Polyglotism ruined my grammar

Thursday, July 3rd, 2008

When I started1 college I was monolingual ( if you don’t count public-school Spanish ). By graduation I was exceedingly comfortable with Dutch and French2. These studies, along the way, showed me the wider possibilities of the expression in my native tongue and, as such, I feel as though I lost the sense of the original linguistic constraints of my class, culture, and region. In some ways, it made it harder for me to speak my native tongue.

Allow me to explain.

Language Reference books

You see, the first language I really mastered was a Germanic one that maintains some legacy structures which are permissible in modern English, but which are either anachronistic, or, at the very least, unusual, to the modern ear. I’m not sure how second ( and third, or fourth ) language acquisition remaps synaptic paths, but things that didn’t pass my “acceptable English” filter before Dutch did pass after.

A simple starting example:

English:

I think that the apple is red

Dutch:

Ik denk dat de appel rood is.

In Dutch, and other Germanic languages, after a relative pronoun ( “that / dat” ) one has the permission to stack all the verbs at the end of the clause3. Thus, a literal English translation would be:

English:

I think that the apple red is

Now here’s the thing, this utterance is not wrong, rather it’s merely quirky, odd, but legitimately comprehensible4.

Now to a more complex example. One idea that became legitimate for me post–1998 was that both “to be” and “to have” were legitimate auxiliary verbs for making the past-perfect.

That is, in traditional English I would say:

I have come to Amsterdam to view Golden-Age paintings.

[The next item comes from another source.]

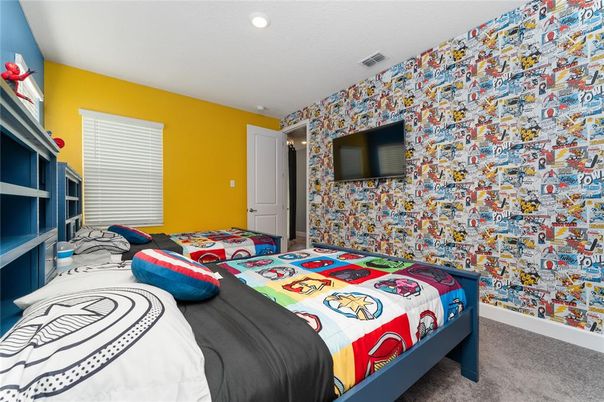 Bedroom, Interior, Recessed Lighting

But in Dutch the helping word is from a form of “to be” (“zijn”) not “to have” (“hebben”) and thus is the translation of “I am” or “ben”, not “heb”. Thus:

Ik ben naar Amsterdam gekomen om Gouden-eeuwse schilderijn te zien.

That is:

I am come to Amsterdam in order to see Golden-Age paintings.

Having been interested in the history of the Manhattan Project since 4th grade, I certainly knew J. Robert Oppenheimer’s alleged translation of the Bhagavad-Gita:

Behold, I am become Death, the destroyer of worlds

Or, having a traditional Christian upbringing:

Joy to the world the lord is come.

Ah-hah”, thought I, “it appears that somewhere the use of ‘to have’ overtook ‘to be’ as the auxiliary term for verbs.” Dutch, which shares an approximate common ancestor with English around the time of Chaucer, seems to have preserved something we English-speakers have removed.

But in 1999-2000 I also studied French, and the past perfect ( or passé composé ) also uses a form of “to have” (être) or “to be” (avior) to indicate something that happened, and completed ( i.e. perfected ) in the past.

I came to Paris to visit Shakespeare’s bookstore.

French:

Je suis venu à Paris pour visiter la librarie «Shakespeare’s».

Literal English:

I am come to Paris to visit the bookstore, Shakespeare’s.

Hm, so here we are with French, the other influential parent in English’s family tree, asserting that forms of “to be” are legitimate helping verbs.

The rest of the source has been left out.